(Stored dataset items)

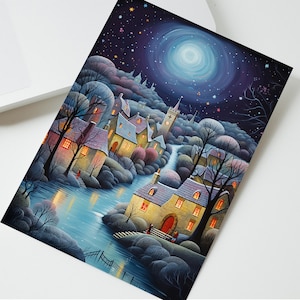Northern Lights over Enchanted Village Christmas Card, Winter Aurora Greetings Cards Xmas 2025, Magical Winter Wonderland Card, Xmas Cards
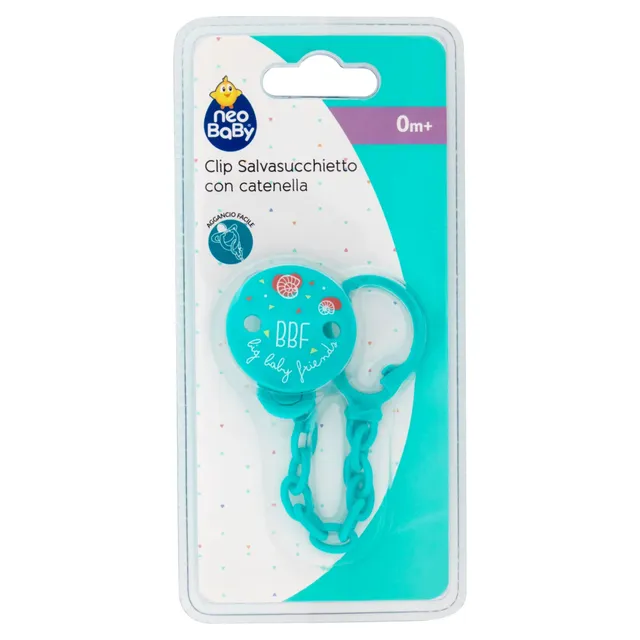 Neo Baby clip salvasucchietto catenella verde portaciuccio
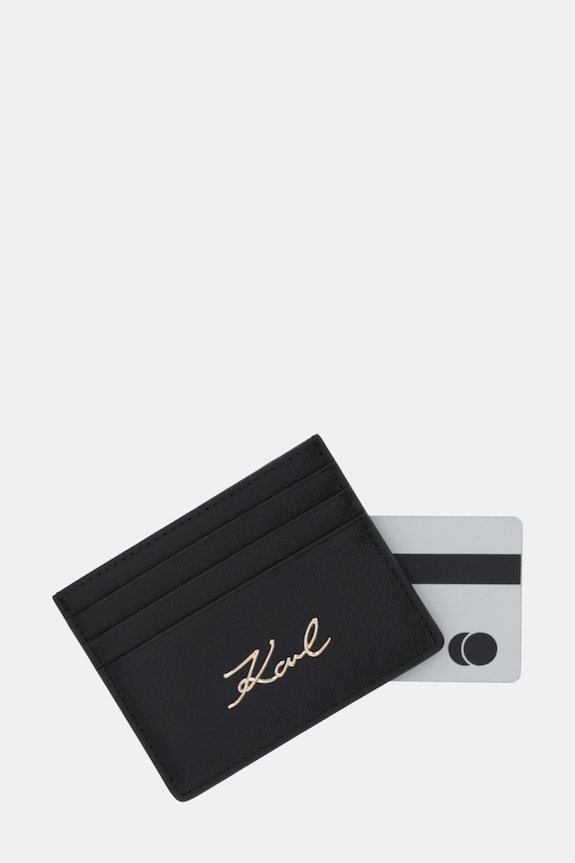 Doplňky Kožené pouzdro na karty Karl Lagerfeld K/SIGNATURE B1W32034 černá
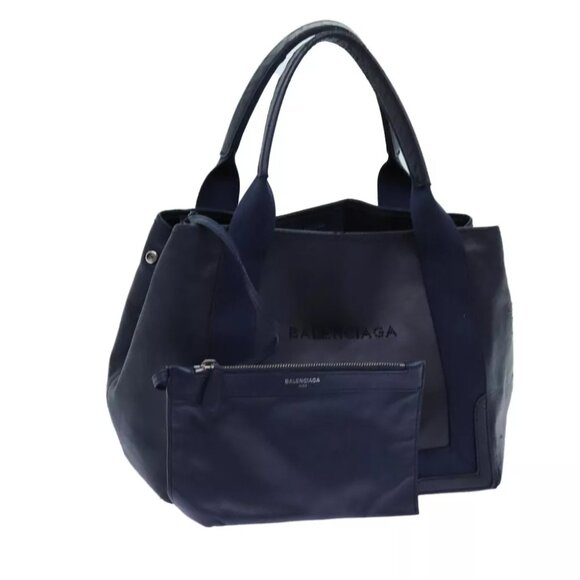 BALENCIAGA Cabas Hand Bag Leather Navy Auth - Picture 1 of 7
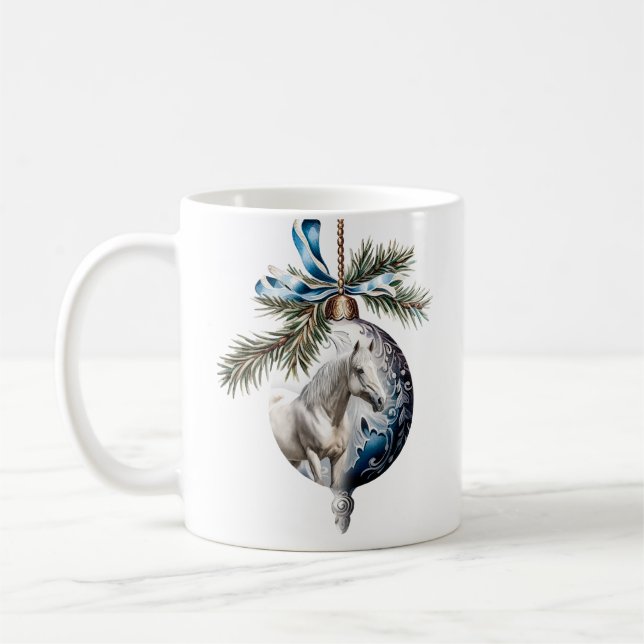 Caneca De Café Elegante azul-natalino equestre branco (Esquerda)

[TASK ITEM]
Now transcribe all the entries above exactly, so that no picture is carried over.

[RESULT FOR THIS TASK]
Northern Lights over Enchanted Village Christmas Card, Winter Aurora Greetings Cards Xmas 2025, Magical Winter Wonderland Card, Xmas Cards
 Neo Baby clip salvasucchietto catenella verde portaciuccio
 Doplňky Kožené pouzdro na karty Karl Lagerfeld K/SIGNATURE B1W32034 černá
 BALENCIAGA Cabas Hand Bag Leather Navy Auth - Picture 1 of 7
 Caneca De Café Elegante azul-natalino equestre branco (Esquerda)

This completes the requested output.